Roof timbersFirst time buyers aren’t the only group to struggle to find a mortgage – think mature first time buyers or those renegotiating a mortgage to improve a current deal or moving house, perhaps to downsize, and the estimated 1.9 million people with an interest only mortgage due for final payment.

It’s an ‘age old’ question and one which can throw borrowers into a panic. Simply being able to afford mortgage payments is no longer sufficient in itself to get or renegotiate a mortgage.

Mortgage lenders cannot technically discriminate on the grounds of a borrower’s age but they must ensure that you can pay the debt off in full. A 35 year old in full time work has a better chance of switching to an affordable repayment mortgage than a 70 year old, whose repayments would be too high to be affordable.

The National Consumer Credit Protection Act of 2010 has actually complicated matters further for some people. It was created to make lenders responsible for verifying a customer’s financial situation and seeing if a customer could pay without substantial hardship.

There are some mortgage lenders who will consider lending to older borrowers. Some have an upper age limit of 70 years old and a few have no formal upper age limit for borrowers. The mortgage term available to older borrowers will usually depend on their age at application.

In some cases borrowers can be turned down if one partner is viewed as too old or both candidates are not paying into a pension fund.

In 2016, the Co-operative Bank paid out £2,000 in compensation after it was found to be guilty of discrimination by the Financial Ombudsman Service when a 69 year old borrower wanted to extend his mortgage by five years. As a consequence, the bank reviewed some of its policies to make sure no further discrimination took place.

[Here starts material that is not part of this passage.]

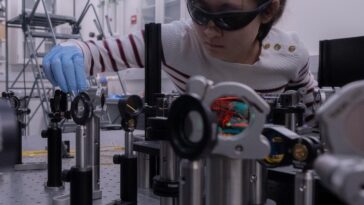 Les scientifiques parviennent à augmenter l'énergie d'un million de fois dans les antennes optiques en diamant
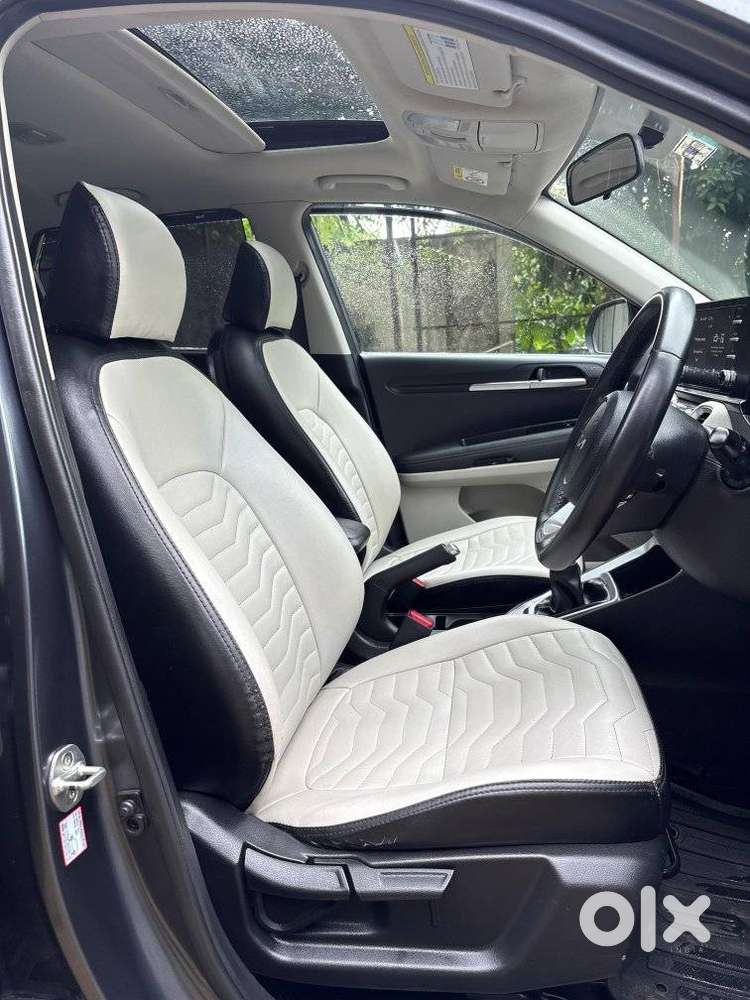 Kia Sonet Htx Plus Turbo Imt, 2021, Petrol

The customers most at risk of being declined are:

  • Older borrowers (anyone aged between 45-50 and over)
  • Self-employed
  • Pregnant women
  • Applicants with large personal debt and/or low credit rating

If you fall into any of these categories, it would pay to do some extra research and make sure your mortgage application is on point before submitting your application to a lender. If there is any doubt, you are at more risk of receiving a refusal on your application and a resultant poor credit rating on your credit file.